======== MATERIAL FOR THIS TASK

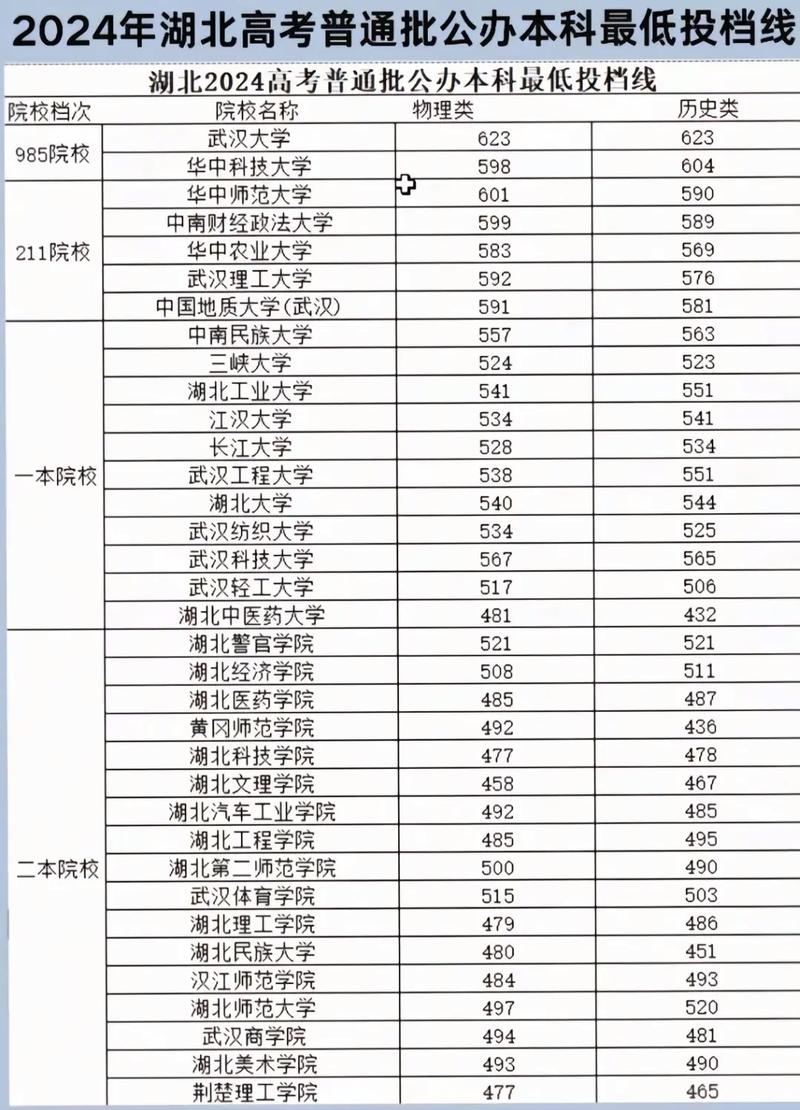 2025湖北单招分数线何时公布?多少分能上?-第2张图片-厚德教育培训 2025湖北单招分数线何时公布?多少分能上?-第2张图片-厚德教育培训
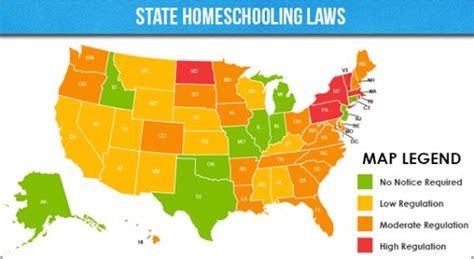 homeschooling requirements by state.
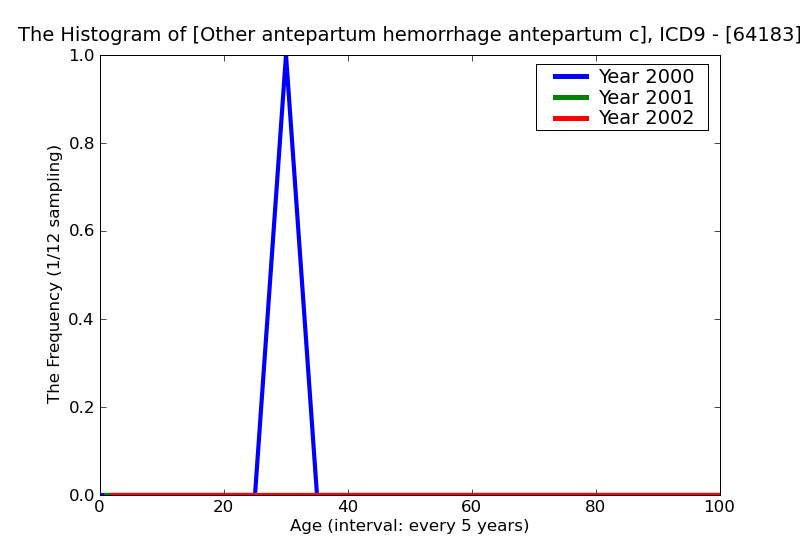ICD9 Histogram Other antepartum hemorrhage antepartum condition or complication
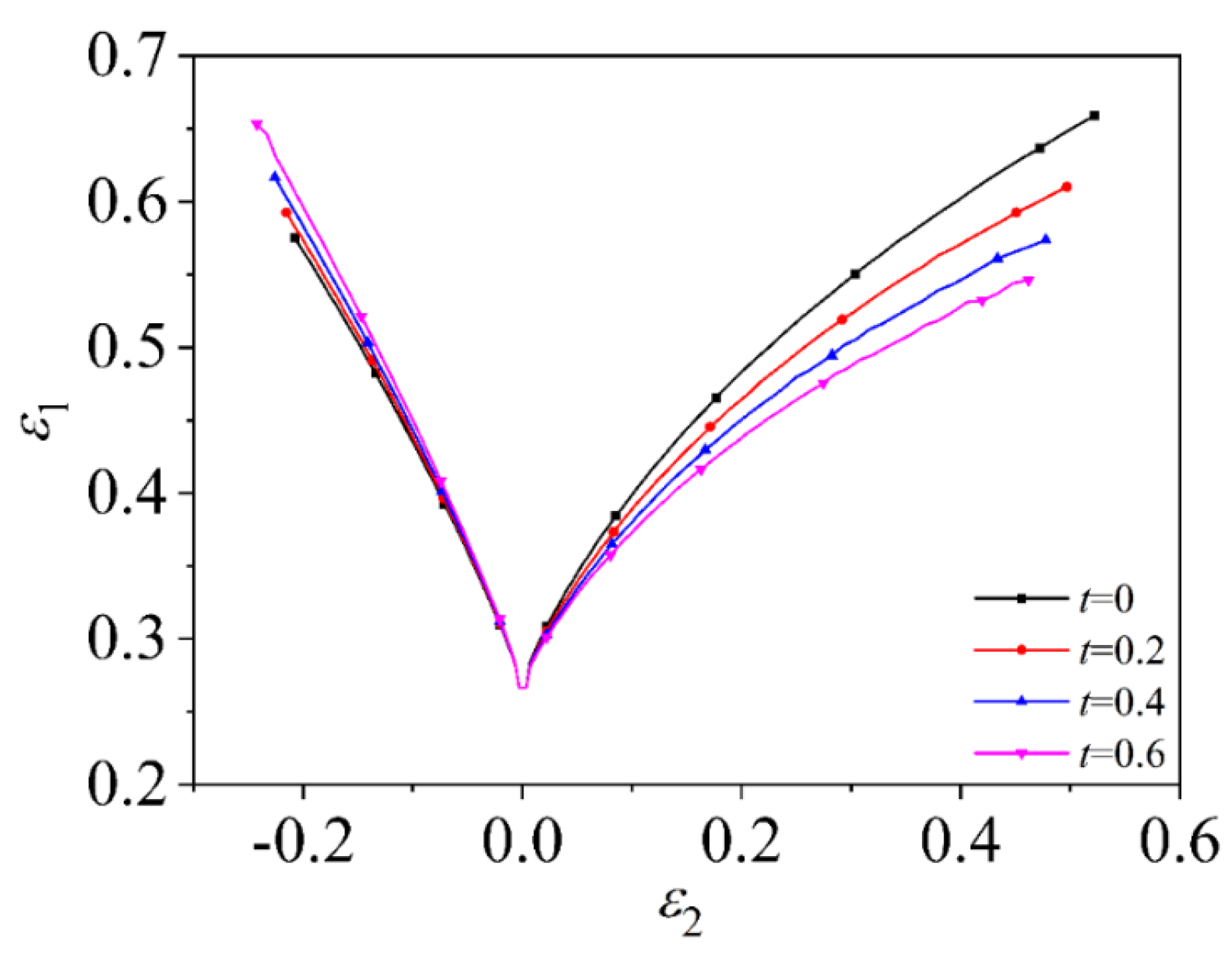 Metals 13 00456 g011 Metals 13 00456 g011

================
======== MATERIAL FOR THIS TASK

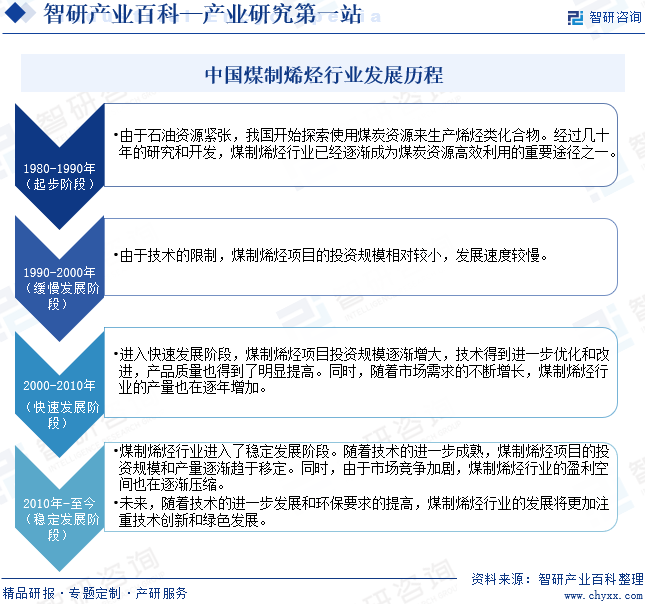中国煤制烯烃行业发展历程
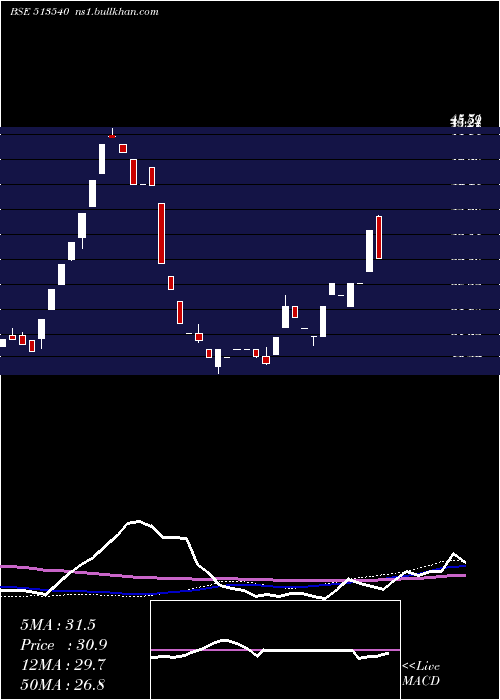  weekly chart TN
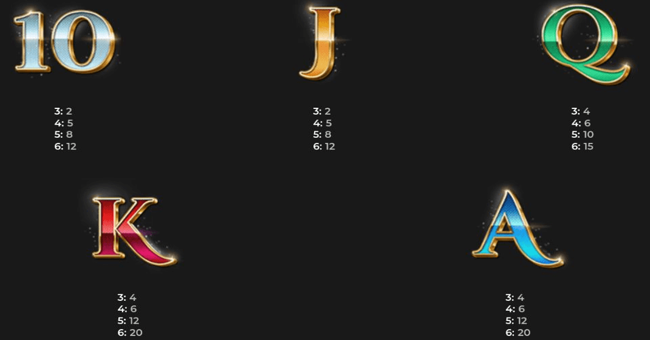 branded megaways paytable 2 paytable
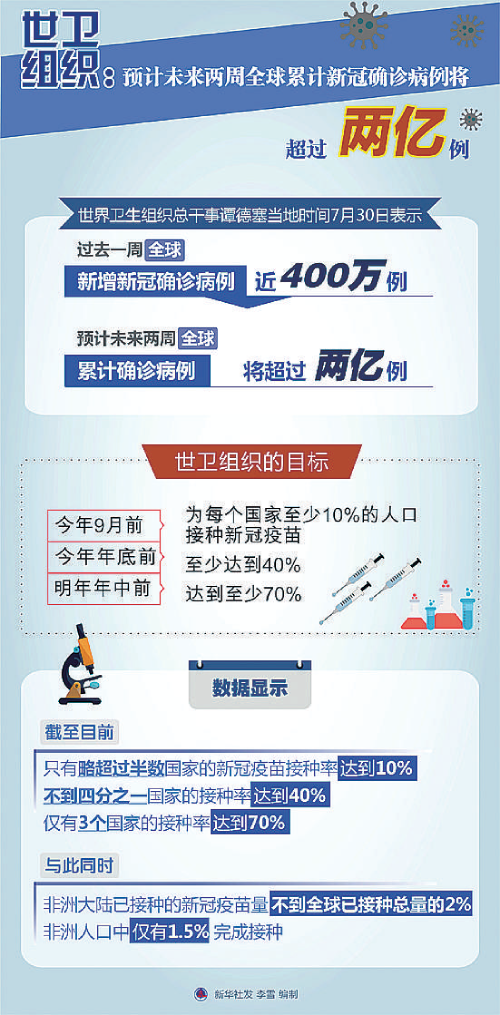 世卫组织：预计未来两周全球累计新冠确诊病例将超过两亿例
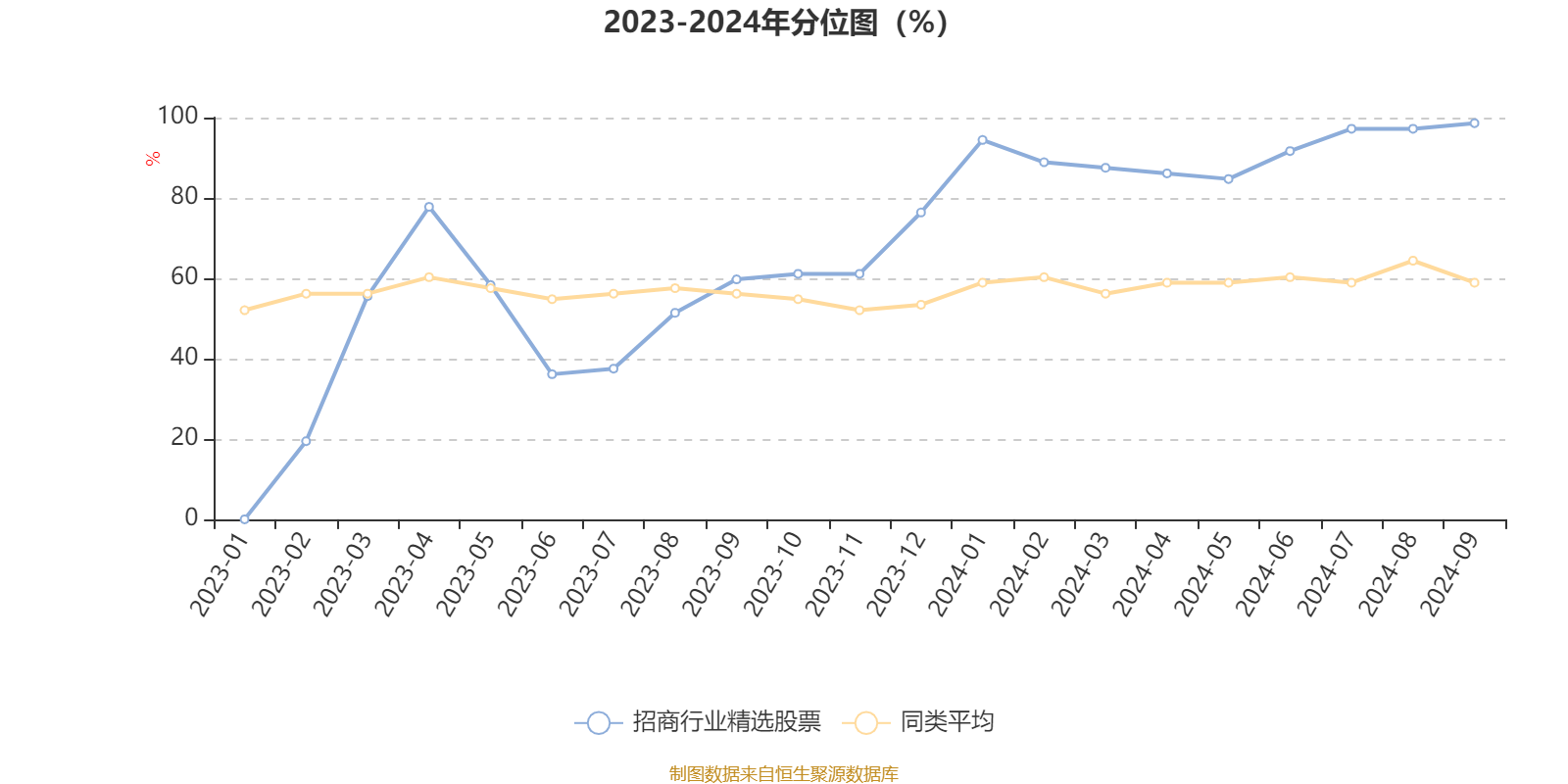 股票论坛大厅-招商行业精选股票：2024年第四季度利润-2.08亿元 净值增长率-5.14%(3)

================
======== MATERIAL FOR THIS TASK

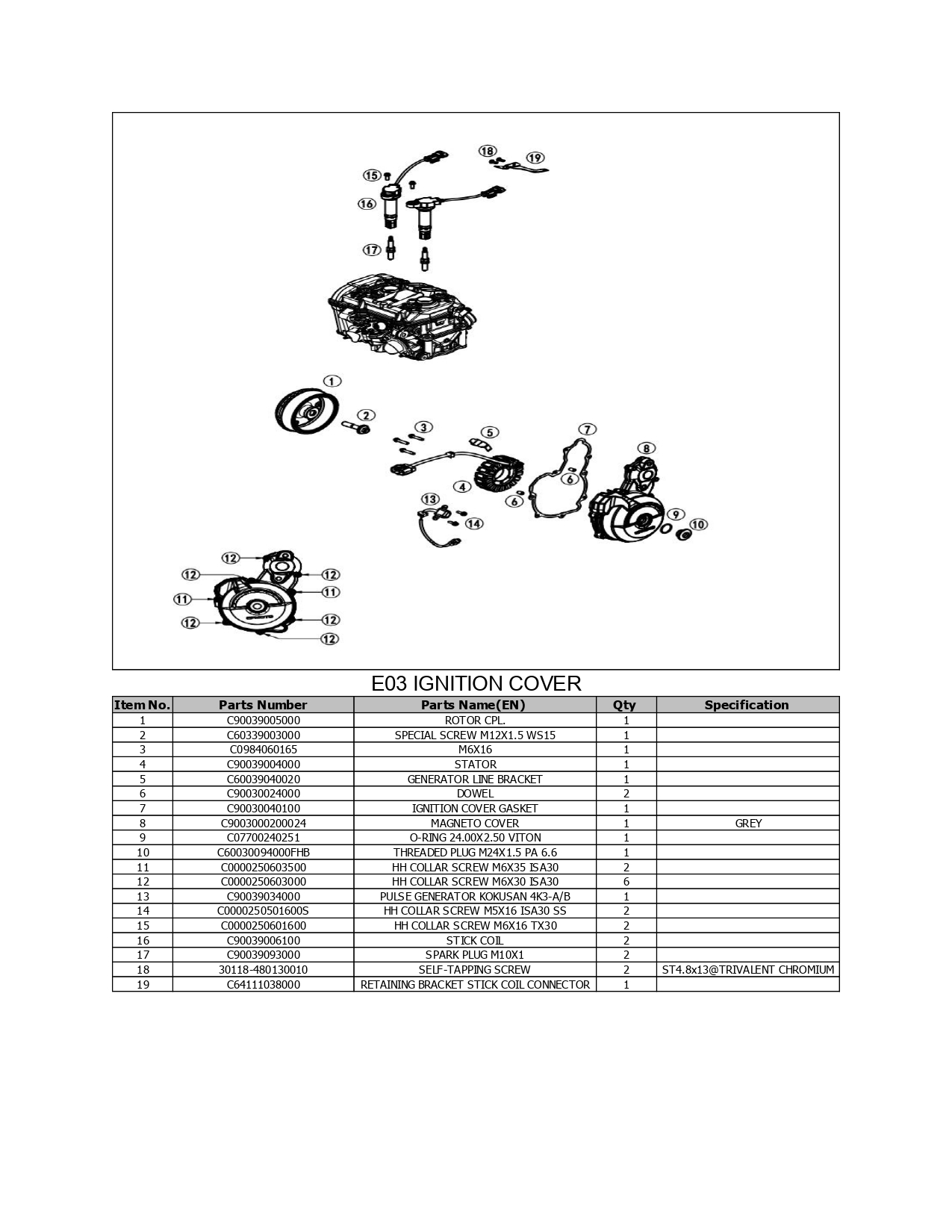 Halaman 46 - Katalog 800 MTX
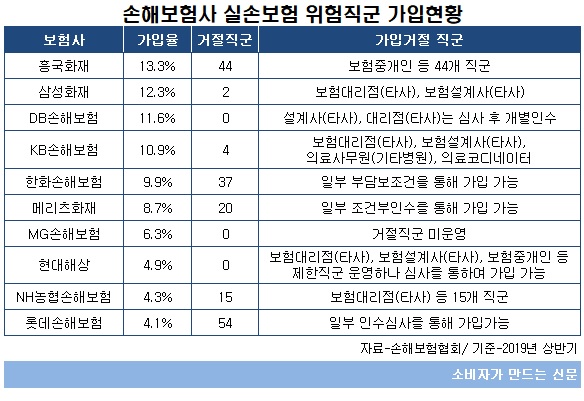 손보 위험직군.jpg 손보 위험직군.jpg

================

__WHAT IS NEEDED__
To complete this exercise, transcribe exactly the lines above from the one that holds "中国煤制烯烃行业发展历程" through the one that holds "股票论坛大厅-招商行业精选股". Pictures stay out.

__SOLUTION FOR THIS TASK__
中国煤制烯烃行业发展历程
  weekly chart TN
 branded megaways paytable 2 paytable
 世卫组织：预计未来两周全球累计新冠确诊病例将超过两亿例
 股票论坛大厅-招商行业精选股票：2024年第四季度利润-2.08亿元 净值增长率-5.14%(3)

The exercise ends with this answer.